70年代の経済危機のとき、民主党から見放されて、80年代の選挙でレーガン支持に回ったのと、同じことが起きた。だからクリントンは、ペンシルバニア州、ウィスコンシン州、オハイオ州、アイオワ州、ミシガン州で敗れたのだ。
番狂わせのもうひとつはラティーノの票。2012年で44%差でオバマ票が多かったのが、今回クリントンへの投票差は36%。トランプのヒスパニック侮辱よりも、オバマ政権が実行しているヒスパニック国外追放政策の方がラティーノにとって深刻だったことがうかがわれる。
また、女性票がクリントンへ行くと期待されたが、45歳以上の白人女性はクリントンに投票しなかった。34歳以下の「新世紀世代」は、民主党のサンダース候補へのひどい扱いや、学生ローン、不安定雇用、低賃金に対してオバマ民主党政権が手を打たず、むしろ1%の味方をしたことで、クリントンから離れた。要するに、白人低学歴層は民主党を見限り、それ以外の白人は投票に行かなかった。
民主党、クリントンの自滅
かつて、曲がりなりにも労働者を代表していた民主党は労働者を捨て、自由貿易、ネオリベ政策、年金・ヘルスケア事業の民営化へ向かった。ビル・クリントンが始めた政策はブッシュのもとで範囲を広げ、オバマによって促進された。民主党政権はブッシュの企業・富裕層減税と金融自由化を拡大、自らの票田を労働者から郊外の高学歴層へと乗り換えた。

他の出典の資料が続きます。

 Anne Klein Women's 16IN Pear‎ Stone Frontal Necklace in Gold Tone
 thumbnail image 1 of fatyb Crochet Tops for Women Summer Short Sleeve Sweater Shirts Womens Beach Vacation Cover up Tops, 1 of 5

トランプの勝因は、民主党政権が2007〜09年の経済危機時に民衆を救わず、銀行だけを救済したことへの反発から生まれた。トランプがクリントンに勝ったというより、クリントンが民主党の失政を改革するのでなく、単に継続する姿勢を示したので、彼女が自滅したということだろう。昨日までクリントン勝利を確実だと言っていた学識者・評論家たちは、この選挙は「持たざる者」の反撃だと言っている。それ自体は間違っていないだろう。
持たざる者が得たものは将来への不安感
米企業利益は2009年以降2倍以上に増え、平均株価は3倍増。金融取引収入は公的に明らかにされないが、記録的であることは間違いない。その利益は株式債権所有者上位5%、とりわけ1%に配分される。そのうえオバマ民主党政権は、ブッシュ政権以上に企業や富裕層減税を行った。米中央銀行の量的緩和やゼロ金利政策も事実上無償で企業や投資家に資金をやっているようなものだ。
企業は2兆ドルもの社債を発行、それを産業投資に使って雇用創出するのでなく、貯めこんだり、不動産投機などへ回す。犠牲になるのは高い住宅を買わされる人々だ。

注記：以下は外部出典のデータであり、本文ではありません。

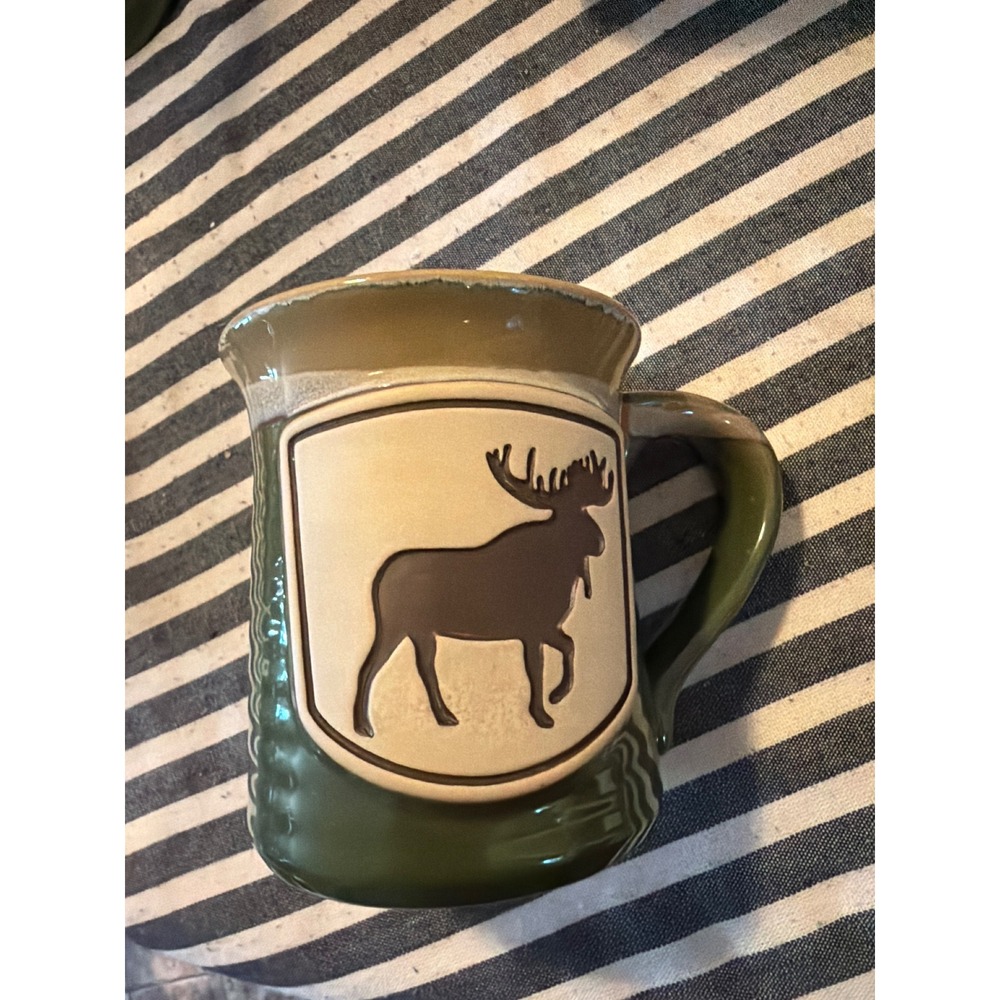 Cabela's Moose Coffee Mug 20oz Green Ceramic Wildlife Cabin Rustic Lodge Cup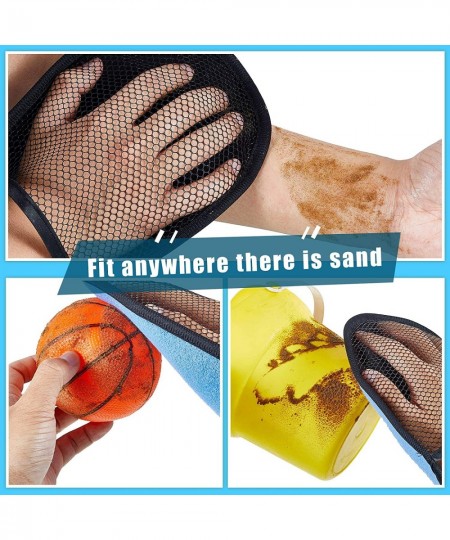 4 Pieces Sand Wipe Off Mitt Sand Cleaner Wipe Off Mitt Beach Sand Cleaning Mitt for Surf Ocean and Lakeside Recreation Adult ...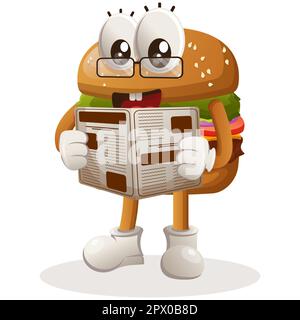 Süßes Burger-Maskottchen-Design Lesen Sie Zeitungen. Burger-Cartoon-Maskottchen-Design. Köstliches Essen mit Käse, Gemüse und Fleisch. Süßer Maskottchen-Vektor Stock Vektor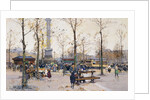Place de la Bastille, Paris by Eugene Galien-Laloue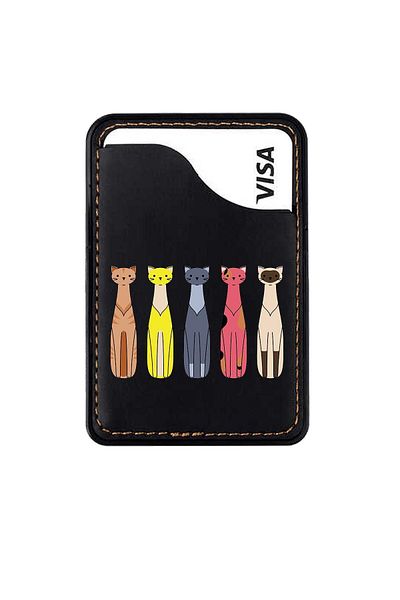 omix X300 X400 X500 X600 X700 X5 X6 X7 X3 X6 X7 Leather Card Holder Case Cat Trinket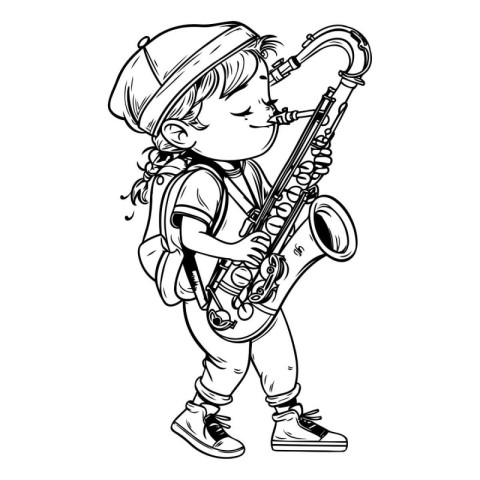 Boy playing saxophone. Black and white vector illustration for c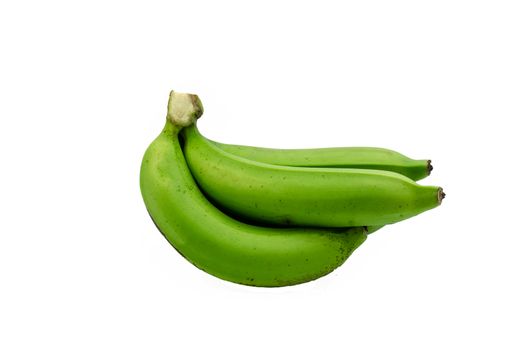 green banana bundle on a white background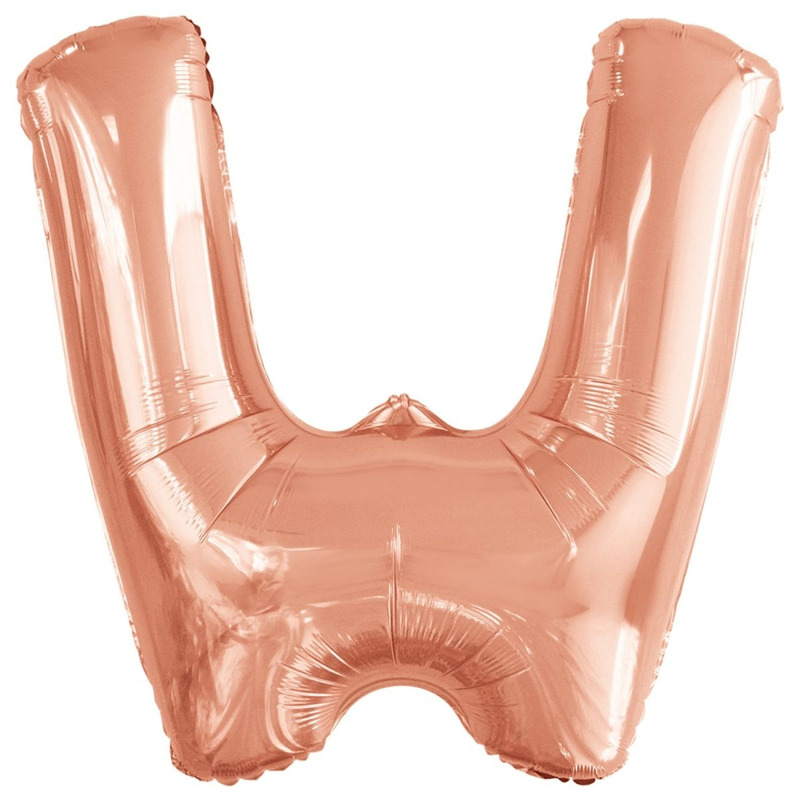 Μπαλόνι Φοιλ Σχήμα Γράμμα W Ροζ  Χρυσό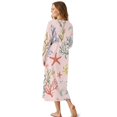 thumbnail image 2 of SEANATIVE Long Sleeve Nightgown for Women Cozy Full Length Bedroom Pajama Dress, Soft Sleepshirt Button Front Sleepshirt Nightshirts, XL, Starfish Sea Shell Coral Pink, 2 of 7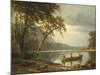 Salmon Fishing on the Caspapediac River (Quebec, Canada)-Albert Bierstadt-Mounted Giclee Print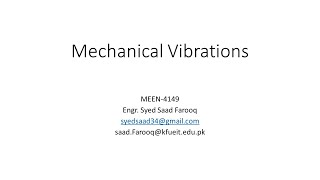 Mechanical Vibration Ch3 Harmonically Excitation [upl. by Rox]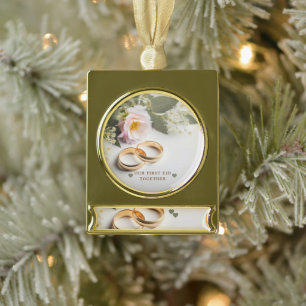 Unser erstes Eid-Zusammen-Banner-Ornament Banner-Ornament Gold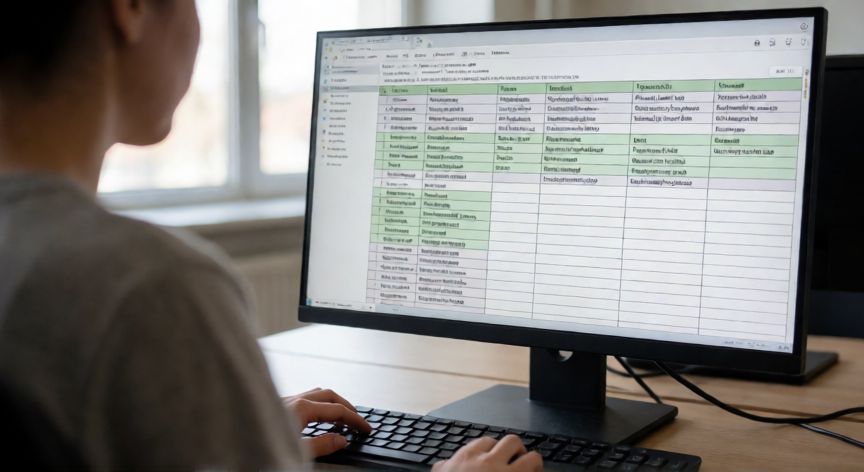 como eliminar espacios en blanco excel, Persona usando Excel para detectar y eliminar espacios en blanco en celdas de una hoja de cálculo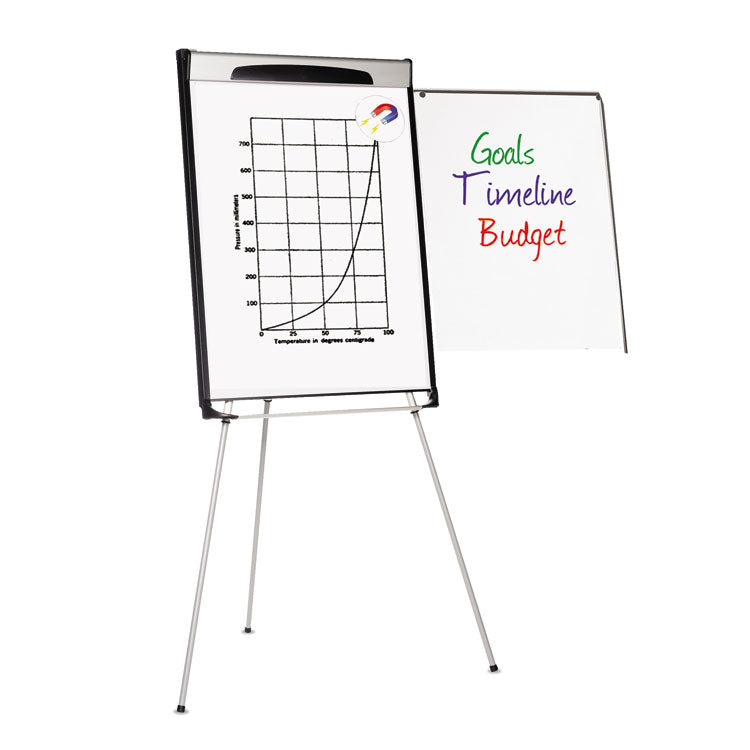 Tripod Extension Bar Magnetic Gold Ultra Dry Erase Easel, 29" x 41", White Surface, Black/Satin Aluminum Frame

一方、「持たざる者」が得たものは賃金停滞、不安定雇用、将来への不安感だけである。とりわけ「新世紀世代」の若者の雇用状況や先の見通しは真っ暗である。高齢者にとっても年金機構が崩れ、医療費高などで、日々の生活が不安定となっている。ローンが払えず、住宅が差し押さえられ、ホームレスになるが、債権者側・銀行は公的資金で救われる。

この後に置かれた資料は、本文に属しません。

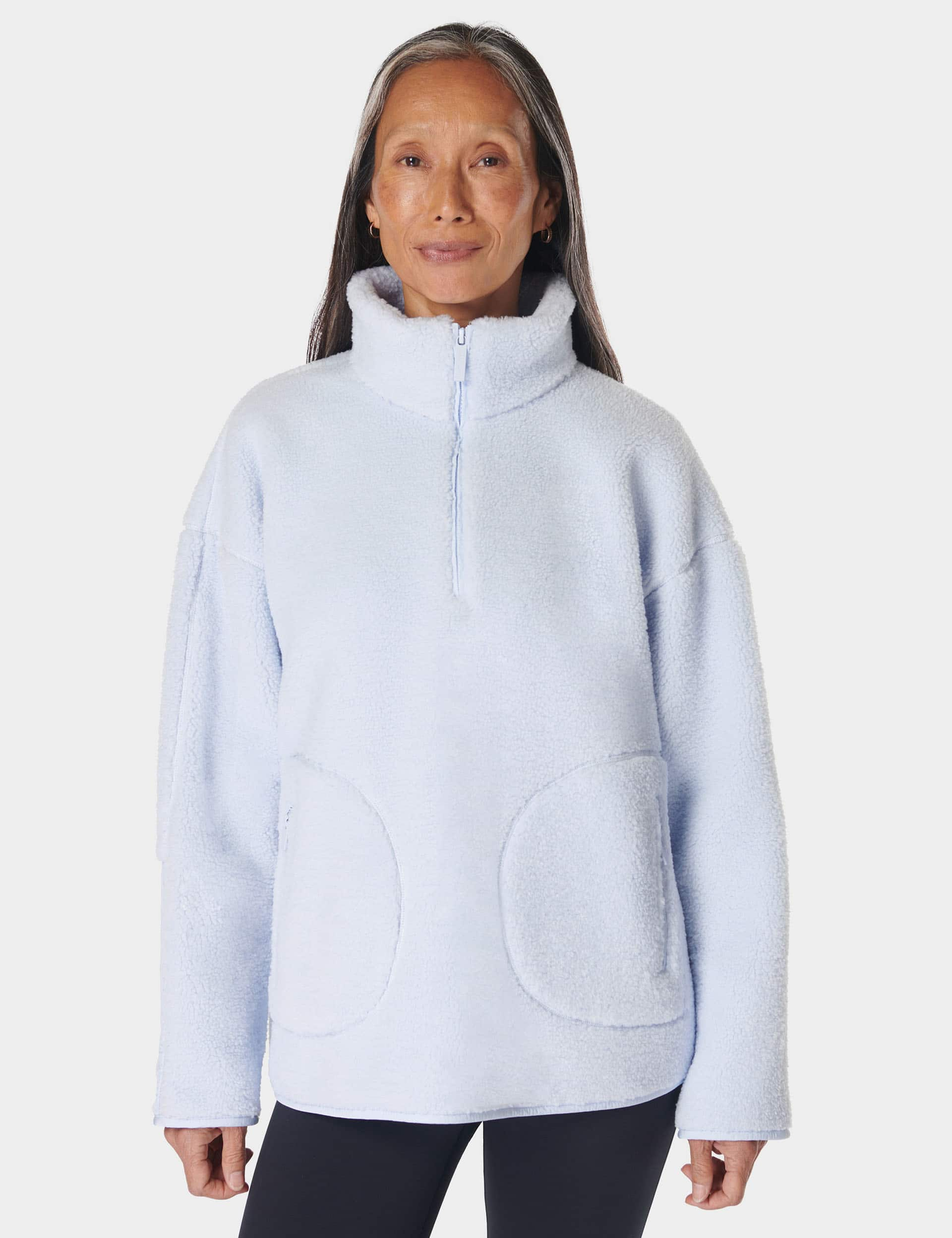 Sweaty Betty Women's Plush Funnel Neck Half Zip Fleece Jacket - Light Blue, Light Blue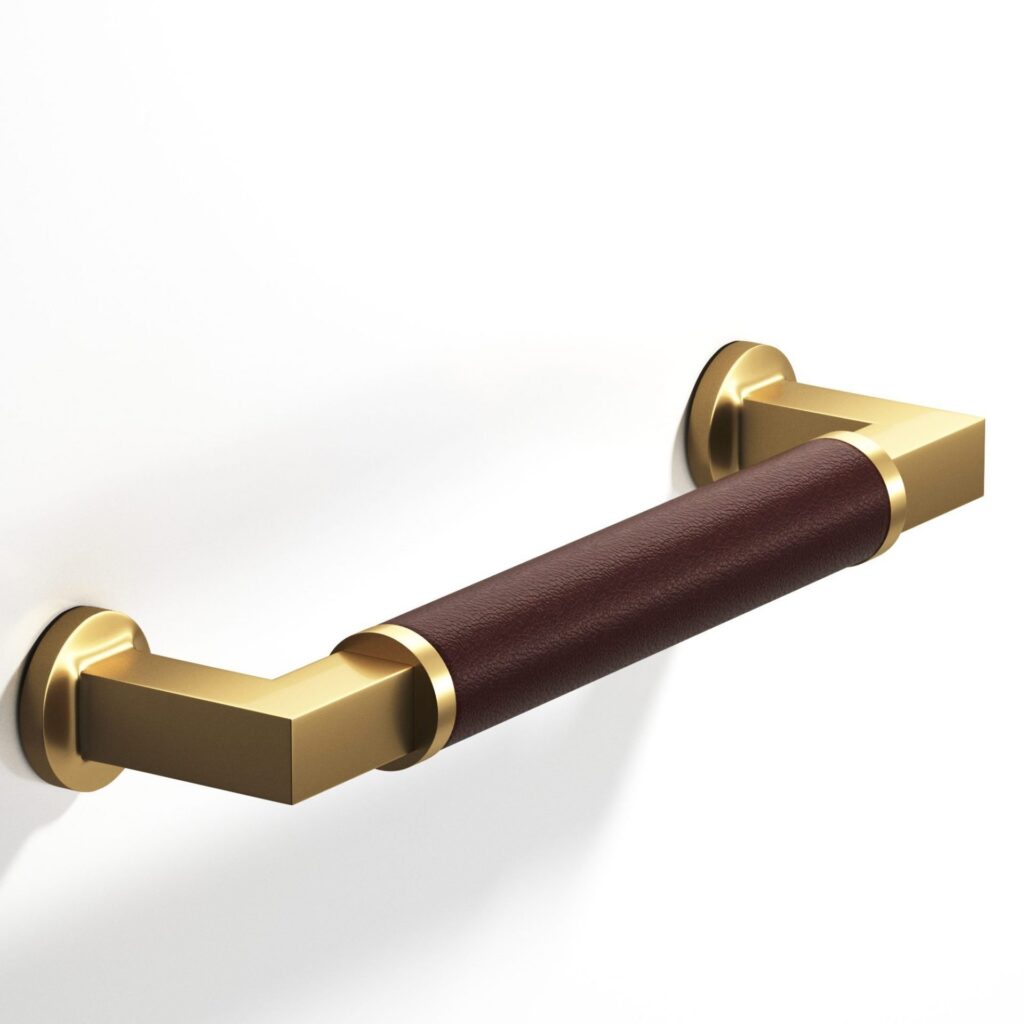Tanner’s Craft Satin Brass accented with Wild Boar Pitch Brown Leather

ハイテク企業は、海外の子会社に資産を置いたタックスヘイブンによる税金逃れをするばかりでなく、多数の外国人専門職や技術者をH1-Bビザ(専門職ビザ)やL-1ビザ(管理職や企業駐在員用ビザ)で受け入れ、米国人労働者の雇用を奪っている。
製薬会社は、寡占状態を利用して薬価値上げを行い、処方薬を買えない人を死亡させている。学生ローンから派生する利子は1兆ドルだ。国外追放されたラティーノの数は過去最大で、多くが家庭崩壊している。警察による黒人への暴力がエスカレートし、それが人種対立をよりエスカレートさせている。無規制な天然オイル・ガス掘削によって水や大気が汚染され、先住民・地域住民の生活を破壊している。オバマは「患者保護並びに医療負担適正化法」(オバマ・ケア)を成立させたものの、それは無保険者5千万人の内15%に適用されているだけで、適用範囲に制限がある。年間1兆ドルの予算だが、これは低所得者を口実に保険会社に金が渡るだけで、事実上保険会社への補助金となっている。トランプがやらなくても、やがて廃止されるであろう。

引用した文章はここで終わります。